More and more I hear people advising that we need to stop self-deprecation, that the danger is we’ll believe that part of the story and sabotage anything that doesn’t fit that narrative. Especially we as authors, should understand the power of words, and telling ourselves that our stories suck and we’ll never make it as a writer is one of the worst things we can do. I’ve written about this before. I know this to be true. I find it less easy to resolve. 

I say terrible things to myself all the time. I avoid looking in mirrors because I see a fat, frumpy, middle-aged woman who has nothing to show for her time on this planet. See, that part of this paragraph rolled out without any thought whatsoever. It’s the song I know by heart.

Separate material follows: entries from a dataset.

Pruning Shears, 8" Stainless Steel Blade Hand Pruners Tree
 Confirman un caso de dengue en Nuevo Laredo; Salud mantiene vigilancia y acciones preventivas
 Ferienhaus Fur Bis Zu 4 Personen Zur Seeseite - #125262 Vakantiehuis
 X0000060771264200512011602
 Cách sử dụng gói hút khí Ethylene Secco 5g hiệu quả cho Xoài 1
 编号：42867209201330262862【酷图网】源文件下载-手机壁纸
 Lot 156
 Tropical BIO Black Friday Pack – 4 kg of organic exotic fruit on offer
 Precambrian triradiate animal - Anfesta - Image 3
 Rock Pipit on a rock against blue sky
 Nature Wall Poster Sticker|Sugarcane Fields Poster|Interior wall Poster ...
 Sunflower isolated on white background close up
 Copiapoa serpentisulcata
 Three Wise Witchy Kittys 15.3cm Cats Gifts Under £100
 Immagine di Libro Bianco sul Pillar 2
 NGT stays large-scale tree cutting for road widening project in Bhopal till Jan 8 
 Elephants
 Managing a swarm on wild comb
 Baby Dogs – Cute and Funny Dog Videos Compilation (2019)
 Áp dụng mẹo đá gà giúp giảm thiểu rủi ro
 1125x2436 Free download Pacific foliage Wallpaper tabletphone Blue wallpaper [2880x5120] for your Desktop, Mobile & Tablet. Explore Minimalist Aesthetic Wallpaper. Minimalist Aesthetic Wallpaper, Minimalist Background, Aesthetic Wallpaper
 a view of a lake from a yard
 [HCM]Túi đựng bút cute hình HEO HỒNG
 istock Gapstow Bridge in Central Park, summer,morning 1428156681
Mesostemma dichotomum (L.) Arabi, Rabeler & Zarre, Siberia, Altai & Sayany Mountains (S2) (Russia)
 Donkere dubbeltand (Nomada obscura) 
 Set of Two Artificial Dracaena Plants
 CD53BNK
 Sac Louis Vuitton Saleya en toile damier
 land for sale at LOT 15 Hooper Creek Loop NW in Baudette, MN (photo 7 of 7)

When I attempt to say nice things to myself, they usually come out with as, “Huh, not bad for an old broad.” I mean, I can’t even tell myself something positive without adding the negative qualifier.

But if I want to change the playback, I have to learn new songs. Part of me wants to suggest that I not start with something too big to accept–that instead of telling myself I’m going to hit the bestseller list, I should remind myself that everything I’ve ever envisioned about myself has come true–and that I should start with smaller goals. The negative soundtrack is too loud. I can’t drown it out with songs I don’t believe.

But the funny thing about the subconscious is it doesn’t know the difference between lies and the truth. I’ve been lying to myself for years–that I’m not smart, or pretty, or intelligent, or worthy. That song plays 24/7 without my even being aware of it.

Maybe it’s time to belt out a new song. I don’t have to believe it–not completely. I just have to sing it over and over again.